After a rigorous 10-month selection process, the FAA has announced the six U.S. states that will host sites for testing commercial-built drones. It's an important next step for developing the rules and standards under which drones will fly in U.S airspace.
The Federal Aviation Administration received 25 proposals from 24 states for the research and testing of unmanned aircraft systems (UAS). The agency considered a number of criteria, including geography, climate, location of ground infrastructure, research needs, airspace use, aviation experience, and risk.
The six sites chosen include Alaska (University of Alaska), Nevada (State of Nevada), New York (New York's Griffiss International Airport), North Dakota (North Dakota Department of Commerce), Texas (Texas A&M University), and Virginia (Virginia Polytechnic Institute and State University (Virginia Tech)).

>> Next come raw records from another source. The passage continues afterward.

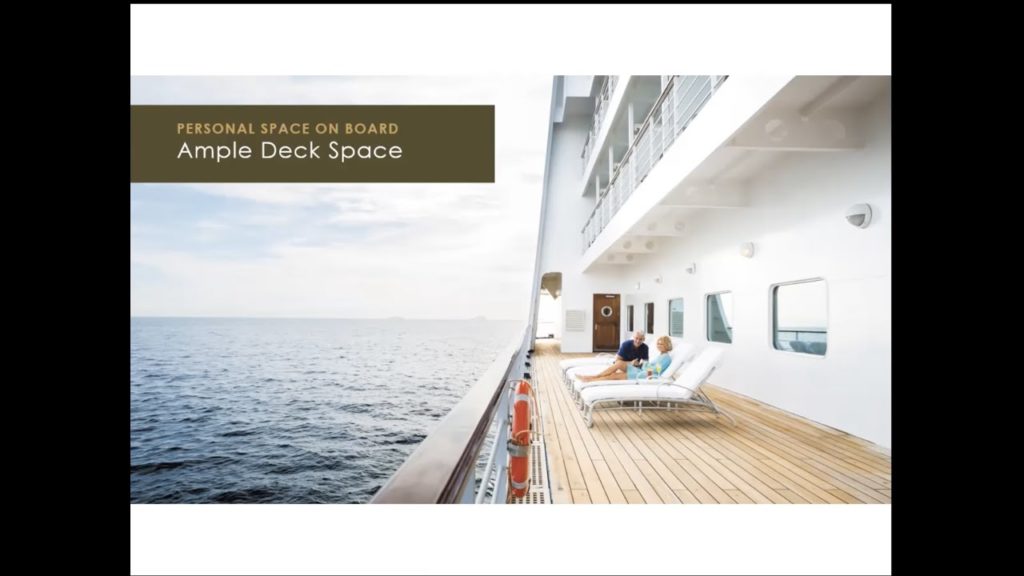 Cruise Chat#27 Why Sailing With Regent Seven Seas Small All Inclusive Ships are the BEST way to Sail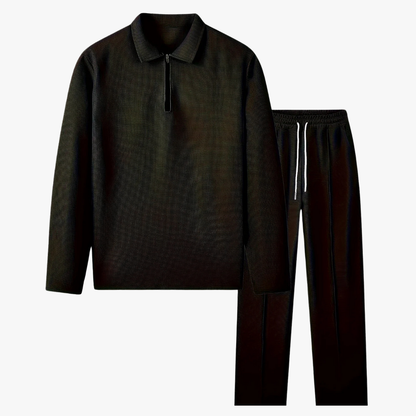Domingo® | Polo long sleeve set
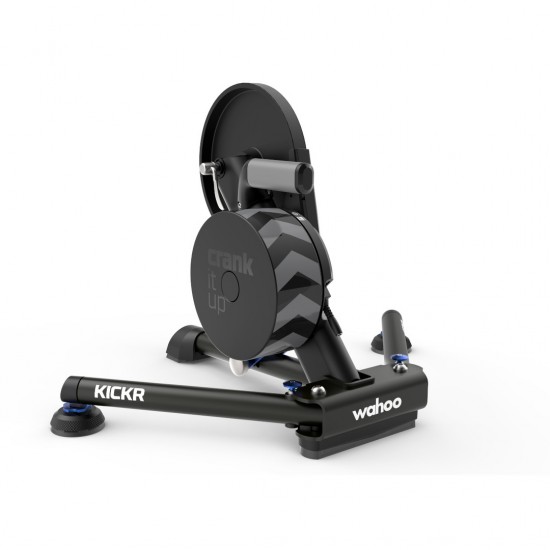 Wahoo - Wahoo KICKR V5 Direct-Drive Smart Trainer Wahoo - Wahoo KICKR V5 Direct-Drive Smart Trainer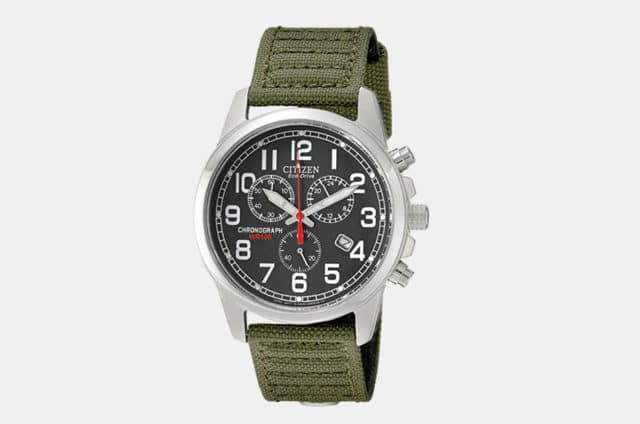 mechanical chronograph under 500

Each institute will focus on particular research goals. For example, Griffiss International will investigate the impact of drones on air traffic congestion, while Texas A&M will develop standards for testing drones' airworthiness.
Once the tests begin, pilots will be notified through announcements about where the test drones are being flown.
The FAA explains more:
Each test site operator will manage the test site in a way that will give access to parties interested in using the site. The FAA's role is to ensure each operator sets up a safe testing environment and to provide oversight that guarantees each site operates under strict safety standards.
From the start, the FAA recognized it was important to have requirements ensuring that privacy and civil liberties are protected at the test sites. Among other requirements, test site operators must comply with federal, state, and other laws protecting an individual's right to privacy, have publicly available privacy policies and a written plan for data use and retention, and conduct an annual review of privacy practices that allows for public comment.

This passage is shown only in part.